The broader cultural channels, platforms, and trends through which society communicates, shares, and consumes information. This includes social media networks (TikTok, Instagram, X), news outlets, memes, celebrity culture, and influencer networks.
This article serves as a comprehensive guide to understanding, executing, and mastering the art of linking these two powerful forces.

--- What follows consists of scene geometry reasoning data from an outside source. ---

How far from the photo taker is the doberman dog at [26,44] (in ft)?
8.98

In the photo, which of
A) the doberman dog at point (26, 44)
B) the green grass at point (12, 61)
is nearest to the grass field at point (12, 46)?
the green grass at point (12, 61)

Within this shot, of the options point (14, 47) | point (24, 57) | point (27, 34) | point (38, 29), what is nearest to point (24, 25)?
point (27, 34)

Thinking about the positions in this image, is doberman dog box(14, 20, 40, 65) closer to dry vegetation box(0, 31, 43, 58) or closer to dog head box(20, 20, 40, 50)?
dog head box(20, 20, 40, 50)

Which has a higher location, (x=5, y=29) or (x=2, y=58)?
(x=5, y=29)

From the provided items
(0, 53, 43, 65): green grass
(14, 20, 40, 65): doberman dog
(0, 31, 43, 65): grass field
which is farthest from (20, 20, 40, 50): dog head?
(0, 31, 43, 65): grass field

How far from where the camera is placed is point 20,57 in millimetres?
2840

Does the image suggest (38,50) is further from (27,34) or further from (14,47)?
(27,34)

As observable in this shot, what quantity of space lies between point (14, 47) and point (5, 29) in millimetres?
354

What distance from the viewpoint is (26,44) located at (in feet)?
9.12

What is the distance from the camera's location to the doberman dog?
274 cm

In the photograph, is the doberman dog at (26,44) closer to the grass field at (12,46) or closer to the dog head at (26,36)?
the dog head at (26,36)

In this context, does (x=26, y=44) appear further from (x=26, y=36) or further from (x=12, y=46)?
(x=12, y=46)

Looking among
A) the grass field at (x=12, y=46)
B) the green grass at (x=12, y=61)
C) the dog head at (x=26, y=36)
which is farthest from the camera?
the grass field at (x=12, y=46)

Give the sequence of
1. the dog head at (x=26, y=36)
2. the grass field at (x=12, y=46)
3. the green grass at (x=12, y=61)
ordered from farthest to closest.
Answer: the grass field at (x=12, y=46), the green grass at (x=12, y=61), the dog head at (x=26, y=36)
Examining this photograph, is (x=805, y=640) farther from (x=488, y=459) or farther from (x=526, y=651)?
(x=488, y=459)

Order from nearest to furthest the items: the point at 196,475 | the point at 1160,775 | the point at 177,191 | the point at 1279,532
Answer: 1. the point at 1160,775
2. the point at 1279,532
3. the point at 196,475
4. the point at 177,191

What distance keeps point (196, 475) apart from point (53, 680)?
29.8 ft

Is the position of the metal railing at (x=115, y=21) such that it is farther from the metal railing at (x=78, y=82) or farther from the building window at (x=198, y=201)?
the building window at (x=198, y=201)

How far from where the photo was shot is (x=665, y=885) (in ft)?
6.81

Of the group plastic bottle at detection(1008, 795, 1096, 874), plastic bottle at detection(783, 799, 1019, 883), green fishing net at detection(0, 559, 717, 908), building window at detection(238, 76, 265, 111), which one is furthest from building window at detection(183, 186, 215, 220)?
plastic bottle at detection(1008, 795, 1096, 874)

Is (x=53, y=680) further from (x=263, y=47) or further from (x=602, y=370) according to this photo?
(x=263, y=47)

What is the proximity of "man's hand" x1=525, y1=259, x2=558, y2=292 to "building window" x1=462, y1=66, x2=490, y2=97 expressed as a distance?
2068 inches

This strategy involves inserting your entertainment content into ongoing cultural conversations in popular media. When a specific meme template, news event, or pop song starts trending globally, brands instantly adapt their content to fit that narrative. This signals to consumers that the brand is highly relevant, modern, and in touch with current internet culture. Native Co-Creation
Furthermore, this phenomenon speaks to the "parasocial" relationships fostered by the internet. Users often feel a false sense of intimacy or ownership over influencers and celebrities. This sense of ownership fuels the demand for content that "exposes" the "real" person behind the persona, or that grants access to content the creator intended to monetize or keep private. It creates a hostile environment where the audience feels justified in bypassing the subject's autonomy to satisfy their curiosity or desire.
Do not fiercely protect your intellectual property to the point of stifling fandom. Allow your audience to remix, analyze, and recreate your content on platforms like YouTube and TikTok.
Do not just repeat your story on different platforms. Expand it. If you have a core entertainment asset like a novel, use popular media platforms to tell peripheral stories.
Popular media platforms push it to like-minded peers.